For more than two decades, Danyale Gill sat in an Oregon prison on a 44-year sentence. Though he was in prison for a crime that he committed in 1998, it was a wrongful conviction in 1994 that enhanced his time in prison.

“When they arrested me, I was like ‘What did I do?’ They were like, ‘Well the police chief saw you do a shooting,’” Gill said.

According to Gill’s lawyers, then-Portland Police Chief, Charles Moose, was in the area at the time of a 1994 shooting incident. He claimed Gill was responsible for shooting at another man in Northeast Portland. Gill claimed he had an alibi for his whereabouts. We reached out to Portland Police for comment about this, but they respectfully declined.

“I knew everything was made up, everything was fabricated,” Gill said.

He was found guilty of attempted murder by a non-unanimous jury.

“I lost life completely the way that I knew it and it was done intentionally,” Gill said. “That was the part I couldn’t get over.”

When Gill was released, three years later, he said it was hard for him to transition back into society.

“I was also mad, like really enraged about going to prison and I was like ‘okay, how can I get back at society?’” Gill said. “I was like, ‘Okay I’ll sell drugs.’”

The Oregon Innocence Project tells us that one year after being released, he was living in his car when he was stopped by police. He fled on foot and shot at police. He was found guilty by another non-unanimous jury. Due to the guilty verdict from his prior conviction, he was considered a “dangerous offender.” This sentencing enhancement led to Gill receiving a 44-year sentence.
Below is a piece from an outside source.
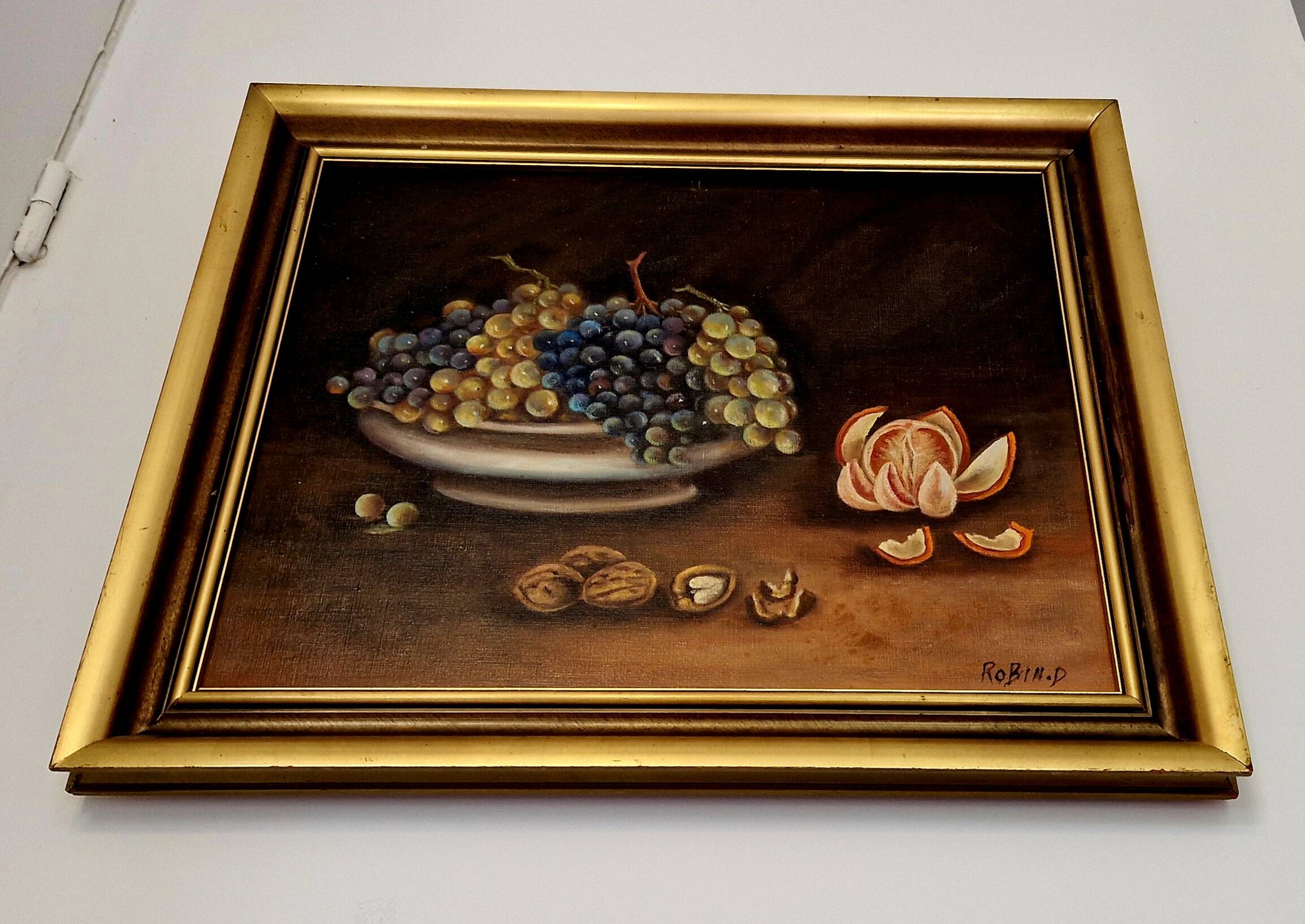 Still life, oil on canvas
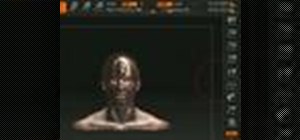 Set up 3 point lighting in Zbrush 3.1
“I felt like this sentence is unjust because it’s based on something I did not do in the past,” Gill said.

That’s where the Oregon Innocence Project stepped in. Alex Meggitt, a staff attorney with the OIP, picked up Gill’s case.

“He wrote to us about his 1994 case,” Meggitt said. “We reviewed the document he sent us and some of his original trial material and we thought he had a credible claim of innocence that was worth investigating further.”

Meggitt said after months of talking to witnesses, obtaining an affidavit from the person who said he was the shooter in the 1994 case, and working with the District Attorney’s Office’s Justice Integrity Unit, a Multnomah County Judge agreed to release Gill from prison on Sept. 22. He walked free nearly a week later. The judge also ordered a dismissal of the 1994 conviction. The 1998 sentence was resolved by a plea of time served, according to Meggitt. The District Attorney’s Office sent FOX 12 a statement:

“In this case, we agreed that the convictions in Mr. Gill’s 1994 case could be dismissed as part of a global resolution with his 1998 case. We did not opine as to Mr. Gill’s innocence.”

“Not only are you helping individuals who have been wrongfully convicted but you’re also pointing out systemic errors that enabled the wrongful convictions in the first place,” Meggitt said.

“If it’s done intentionally, you can’t forgive something that’s done intentionally,” Gill said. “Accident you can forgive. It was an accident. But when it’s done intentionally, how do you forgive that when you’re life has been turned upside down completely.”

Gill currently has housing and plans on looking for a job. He also is pursuing his interests such as getting an education in starting a small business.